Here are the top five types of status updates that drive me crazy and will cause a friend to be hidden away for future reference.

  1. Memes and commentary that put down the youth of today. Apparently, anyone under 20 these days is lazy, disrespectful and glued to their phones and laptops. Oh, and their pants are too baggy, they have nose rings and tattoos. Yuk! Many of these people who are trashing today’s kids are people I knew personally when I was a kid, even some I hung around with. We were no Nobel prize winners as I recall. We drank like fish, smoked like chimneys and invented disrespect. These friends of mine who are putting down the young among us are now in their fifties, sixties and seventies. I can’t think of anything sadder than an old person criticizing young people, especially when it has been my experience that a lot of these people haven’t met any young people in a long, long time. They are reacting to what they think young people are like today.

  2. Unsolicited advice. Oh my God, this fries my bacon. Why on earth do people turn into gurus when they sign up for a Facebook account? Some of these people are relentless with their free advice and guidance for living. And behind it all, I can’t help but think is their assumption that they have an inside track to Truth that the rest of us just can’t find and it is their mission to help us guide us in the right direction. Ugh a thousand times. I don’t mind people sharing heartfelt life experiences but the preaching is killing me.

  3. The good old days. Scream!!!! Were you aware that everything was fantastic 50 years ago? Music was better, people were more helpful to each other, the Work Ethic was bred into every child and most importantly, we were all tough as cavemen. We literally ate a pound of dirt a day and liked it. We survived everything. No padded dashes and seatbelts for us. No labelling and best-before dates on food packaging. No safety regulations on anything. We swam in dirty creeks and ponds, stayed out on the streets till Mama called us in at 10 o’clock. Or later! There was no fluoride in our water and factory smoke stacks belched out real smoke and we loved it. Good for the lungs. Yes our parents and our teachers whacked the hell out of us for mostly no reason at all except to dispel their own anger but we grew up better people for it all. A moment of silence, if you will, for the good old days.

  4. Cautionary memes about the cruel people around and what to do about them.
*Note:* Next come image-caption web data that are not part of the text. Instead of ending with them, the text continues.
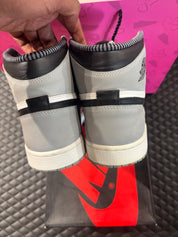 Jordan 1 Retro Barons d’occasion en état 9,9/10, cuir gris, blanc et noir, silhouette haute classique, sneaker avec boîte.

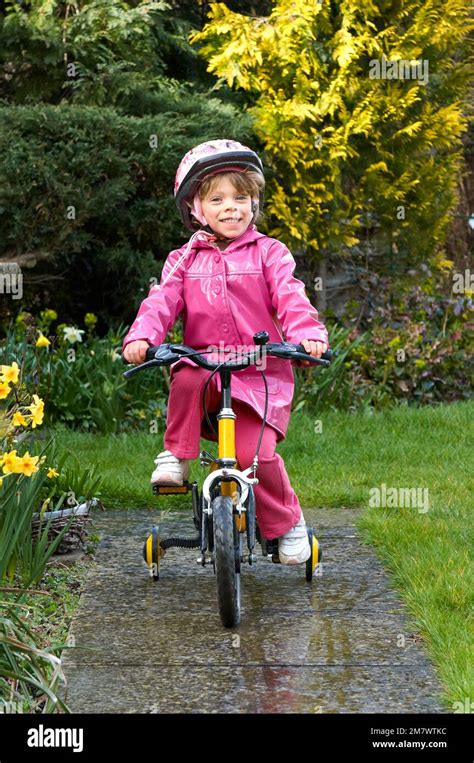 Young girl with a safety hat on riding a tricycle hi-res stock photography and images - Alamy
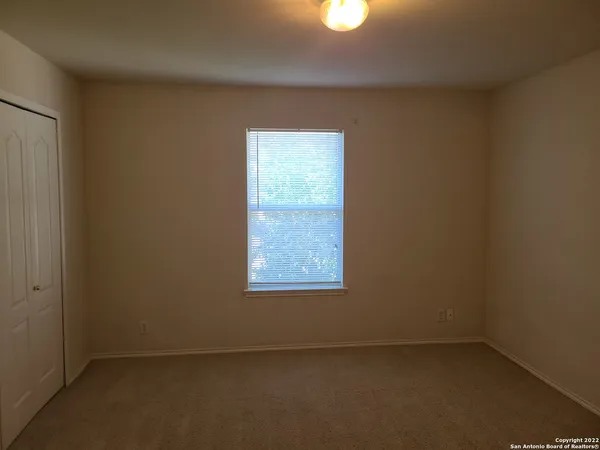 an empty room with closet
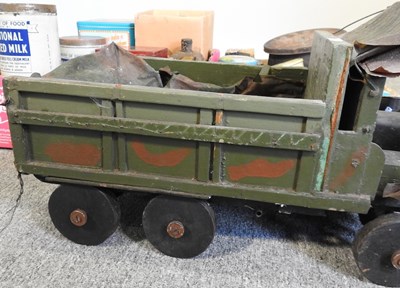 Lot 330 - A military model truck and vintage advertising tins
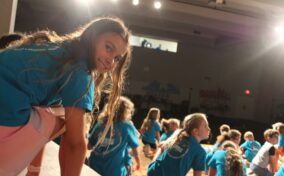 Children in blue shirts gather on a stage with bright overhead lights. A girl in the foreground looks toward the camera.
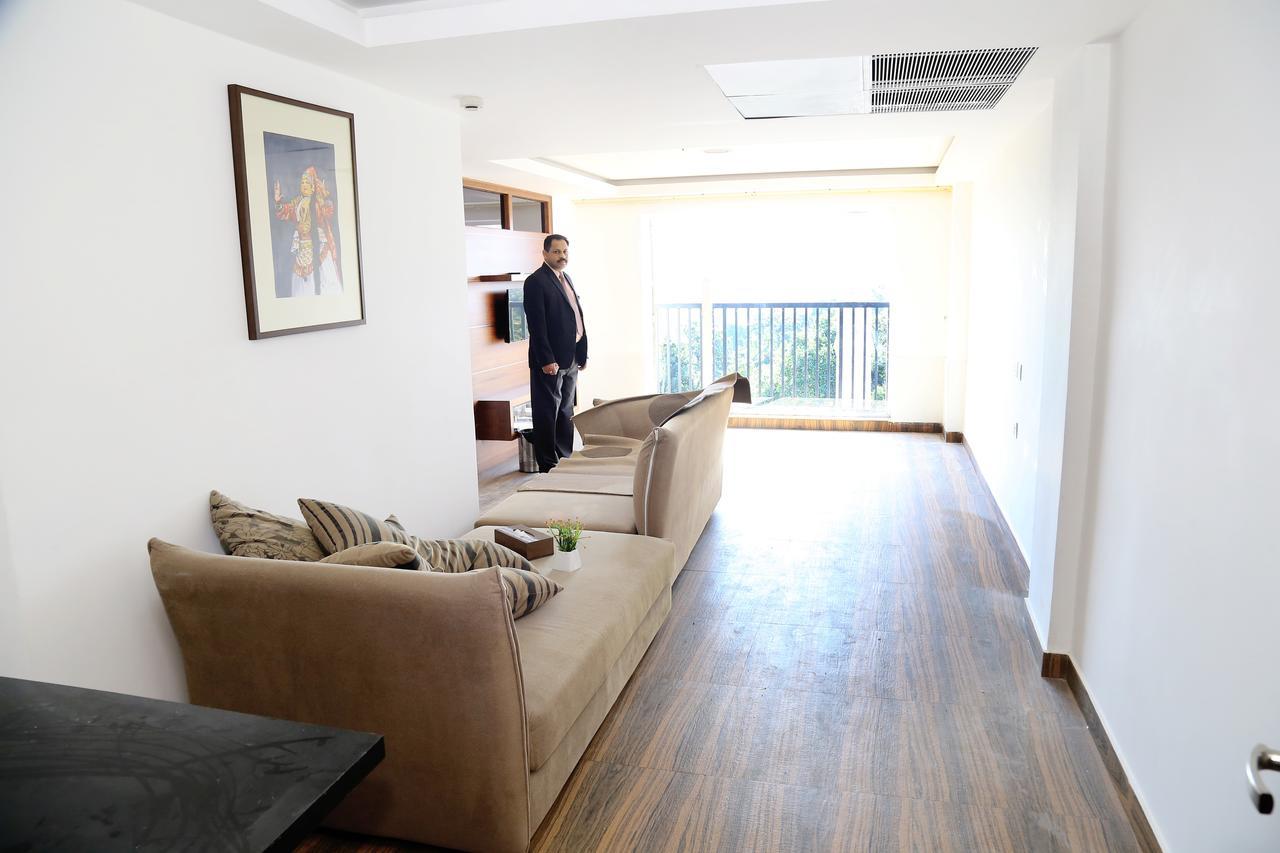 Kga Elite Continental Hotel Tiruvalla Extérieur photo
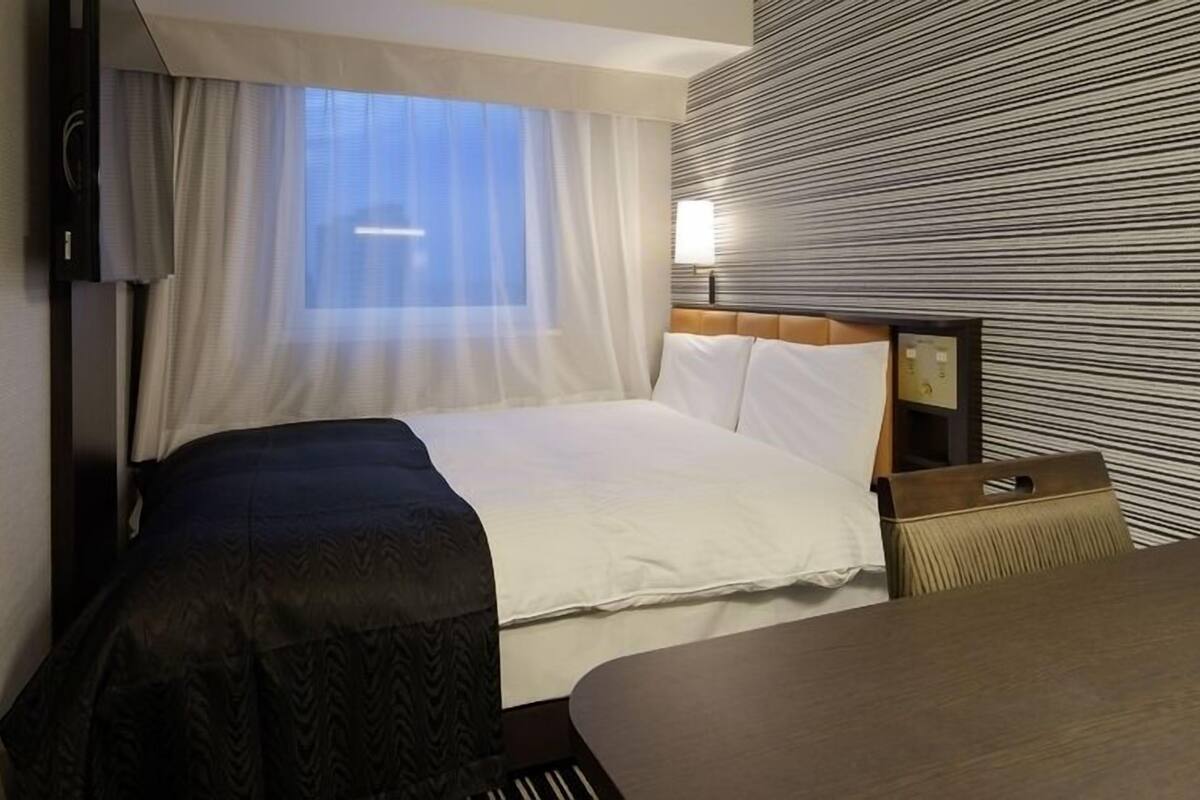 Une chambre d’hôtel avec un lit, une table de chevet, une lampe et une fenêtre avec des rideaux.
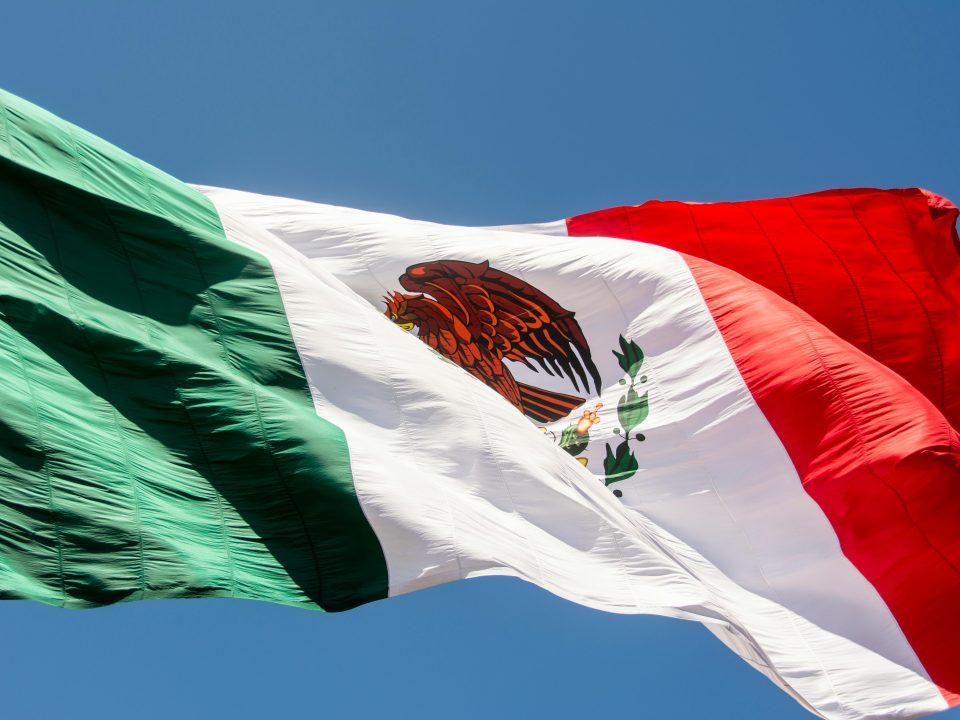Close-up of the Mexican flag waving in the wind, showing the national emblem with the eagle, snake, and cactus.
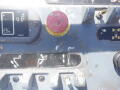 Control panel of a 2008 JLG Boom Lift featuring buttons and levers for operating the lift functions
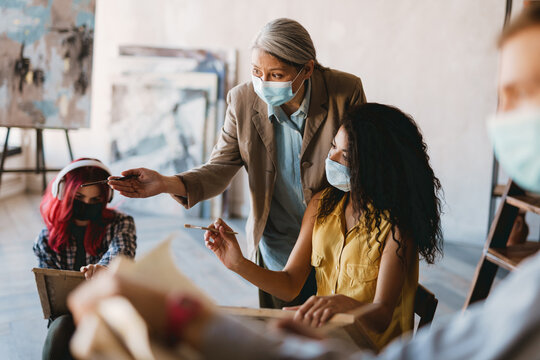 Mature teacher talking with her student during class at art school - Powered by Adobe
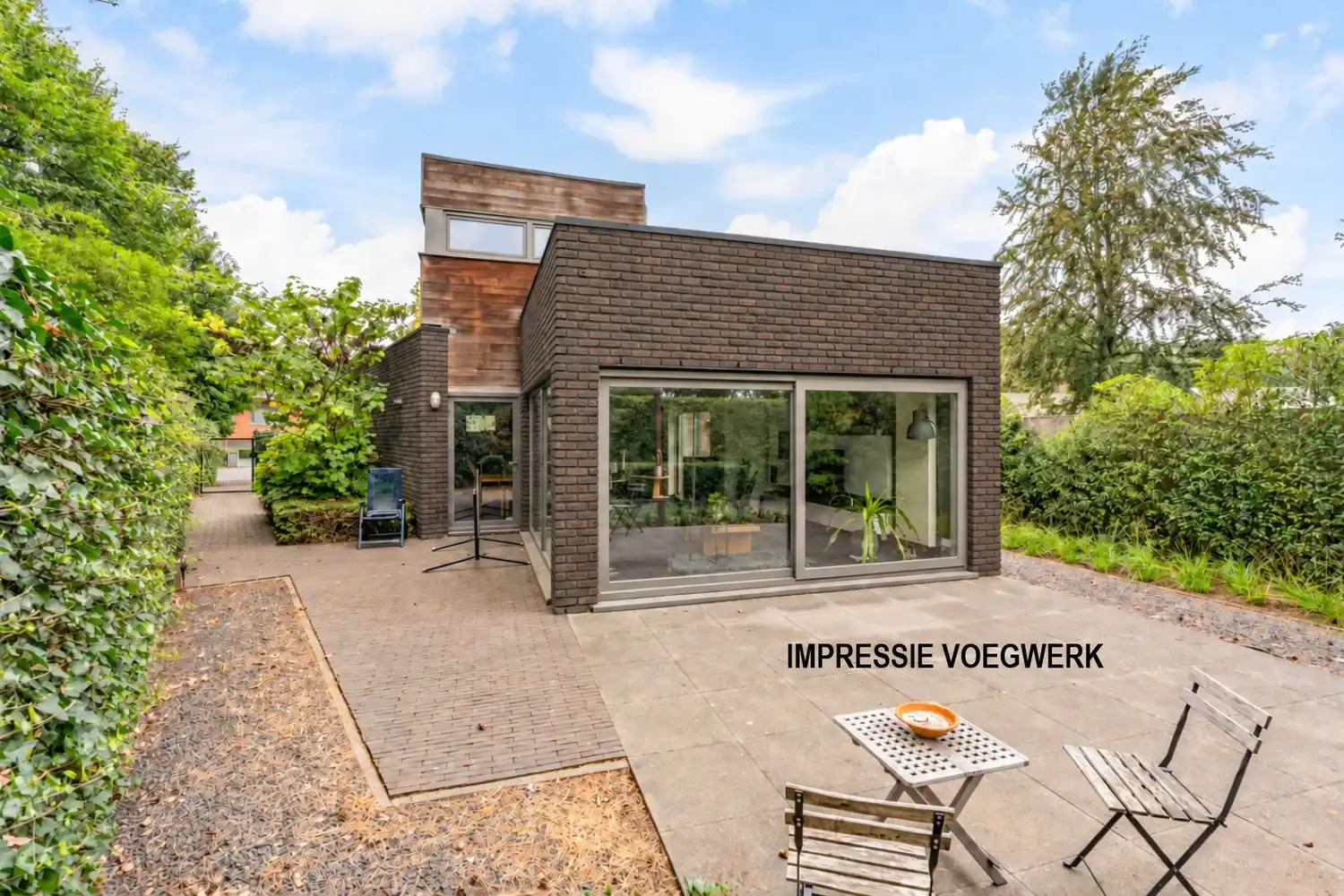 Gezinswoning met stijlvolle architectuur op wandelafstand van natuurgebied foto 8
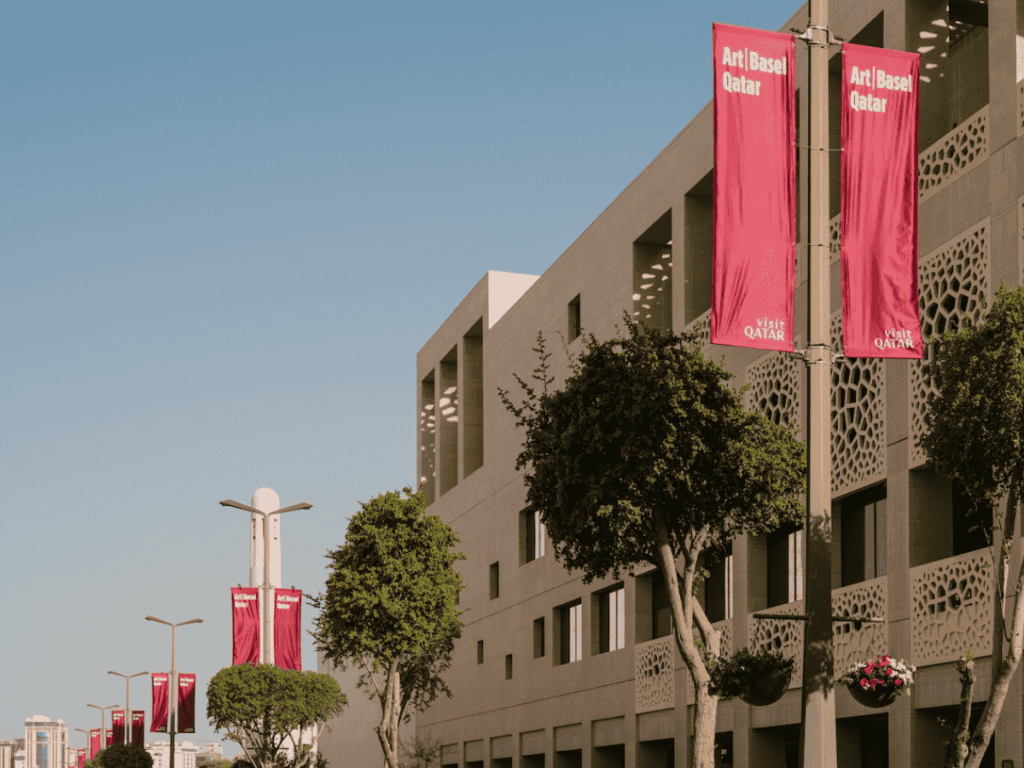 Street view of modern beige buildings with geometric patterns, lined with trees. Bright pink banners on lampposts read “Art Basel Qatar” and “Visit Qatar,” showcasing Art Basel highlights under a clear blue sky.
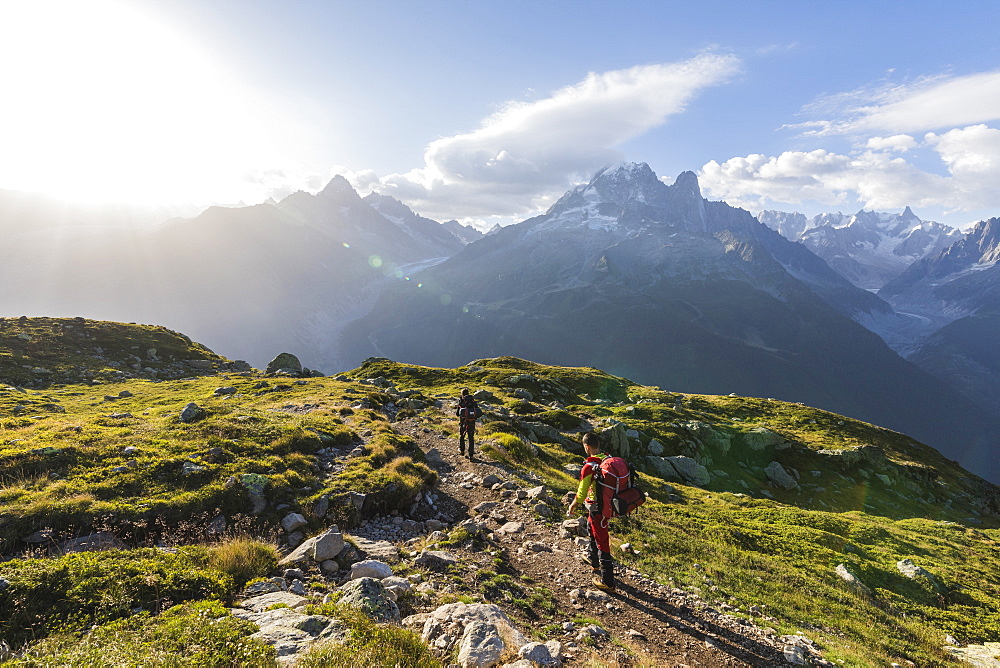 Hikers on the way to Lacs De Cheserys from Argentiere with Les Drus and Aiguille Verte in the background, Haute Savoie, French Alps, France, Europe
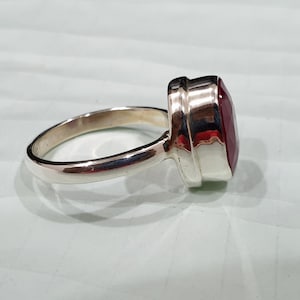 May include: A silver ring with a large, oval-shaped, dark red gemstone set in a bezel setting.
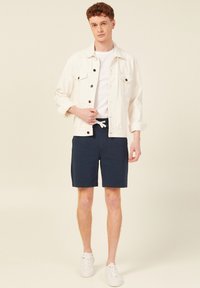 Biała jeansowa kurtka na białym T-shircie, zestawiona z granatowymi szortami i białymi sneakersami. Stylizacja charakteryzuje się swobodnym, luźnym krojem.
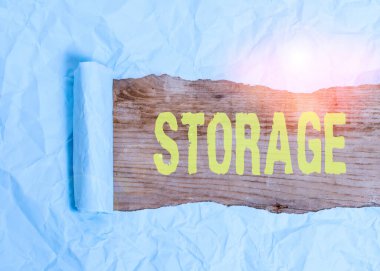 Depo 'yu gösteren bir not yazıyorum. İş fotoğrafı depolama eylemi ileride kullanılacak bir şey. Parçalanmış şeyleri tahta klasik bir masanın üzerine yerleştirmek için güvenli bir şey..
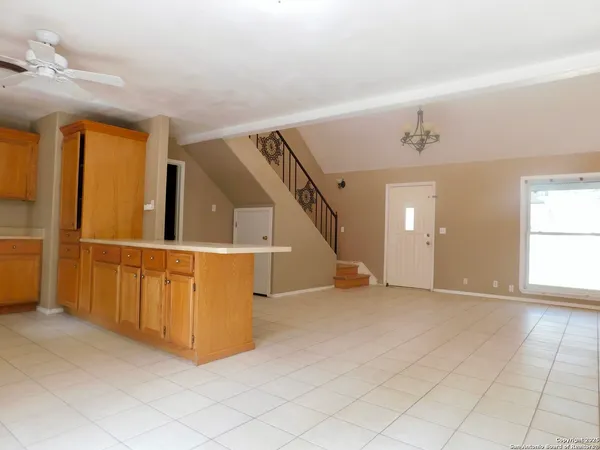 a view of an empty room with stairs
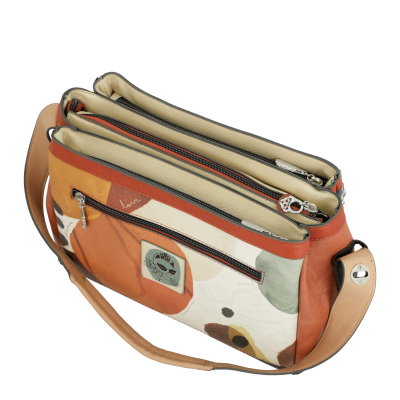 Mala tipo carteira castanha com padrão floral e alça ajustável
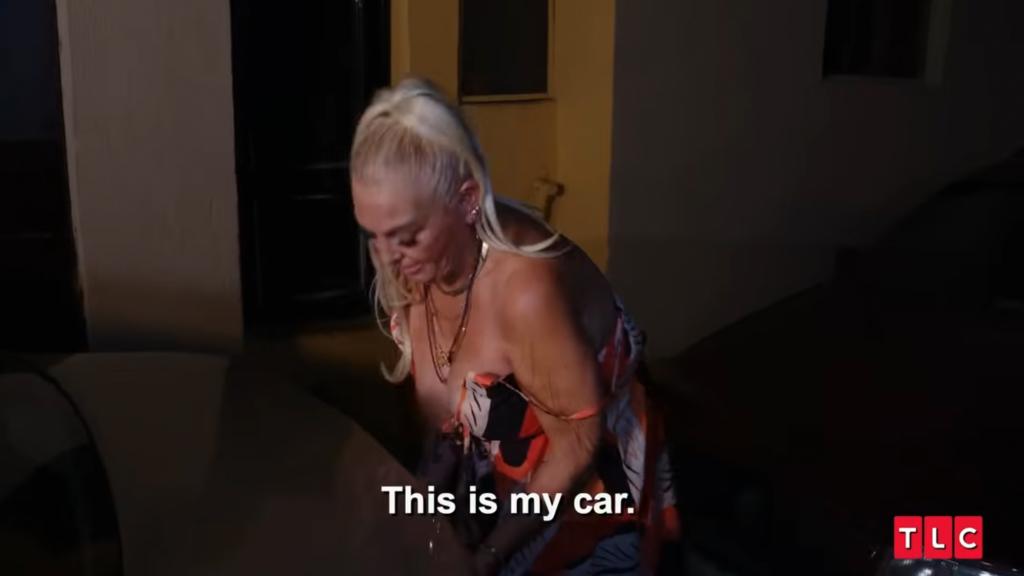Angela Deem breaking apart a car.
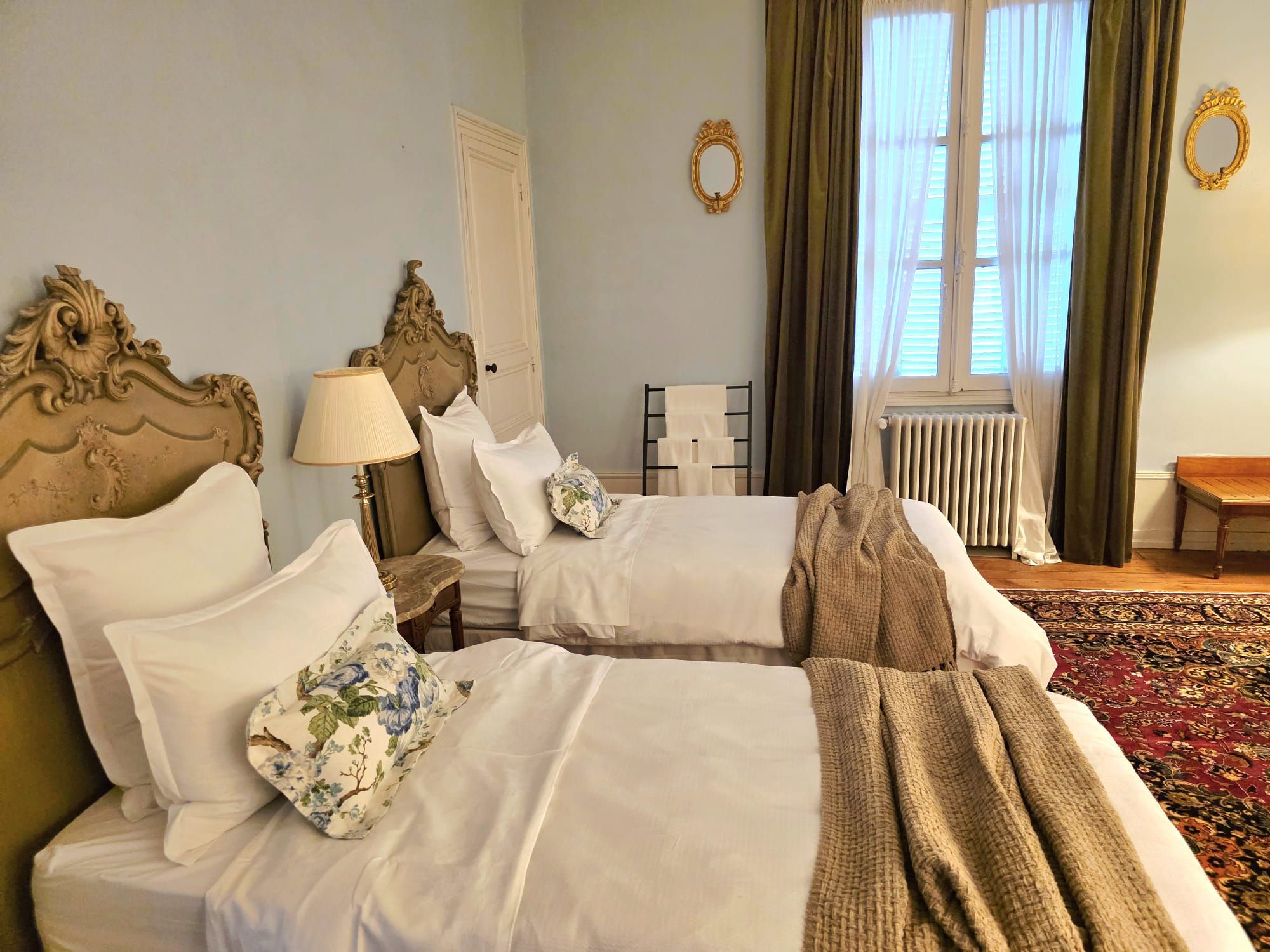 Habitación de hotel con dos camas, una mesita de noche, una lámpara, un radiador y una ventana con cortinas.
How, I wonder, did so many of my friends attract such busloads of assholes with which they have had to deal their whole lives? But they have. And so I am pestered with constant suggestions regarding the quality of friendship and the lack thereof. I am told what to do when someone disrespects me or ignores me or puts me down. Where are all these people putting me down? I do not remember being surrounded by jerks at any time in the recent past. In fact, people in my life are pretty darned nice, for the most part. Maybe they chat a bit behind my back, I don’t know, and maybe I talk behind theirs. The last time I looked, this was called being human. Jesus, some people are spending all day crying their eyes out about how rotten their friends have been to them and, assuming I am going through the same thing, they share what I should do about it.

  5. Finally, there are the ever-present scolders who take every opportunity to warn me about the dangers all around me. Food is poison, is the number one truth I have been ignoring. Snoring will kill me. I need to lose weight, need to stop worrying, need to take up yoga and need to slow down. I wonder how many of my Facebook friends forget that I actually know them in real life and have known them for a long time. Not one of them, I can testify here and now, are perfect now or were perfect then. Look after yourselves, by all means, but enough with the wagging finger. Just get busy videotaping your dogs and cats and post them. Some nice photos and videos of your kids. Then please, shut the hell up!

Author: Jim Hagarty

I am a 65-year-old retired journalist, busy recovering from a lifelong career as an unretired journalist. This year marks a half century of my scratching out little fables about life. My interests include genealogy, humour and music. I live in a little blue shack in Canada and spend most of my time trying to stay out of trouble. I am not that good at it. I also spent years teaching journalism. Poor state of journalism today: My fault. I have a family I don't deserve, a dog that adores me, and two cars the junk yard refuses to accept. My prized possessions include my old guitar and a razor my Dad gave me when I was 14 and which I still use when I bother to shave. Oh, and my great-great-grandfather's blackthorn stick he brought from Ireland in the 1850s. I have only one opinion but it is a good one: People take too many showers.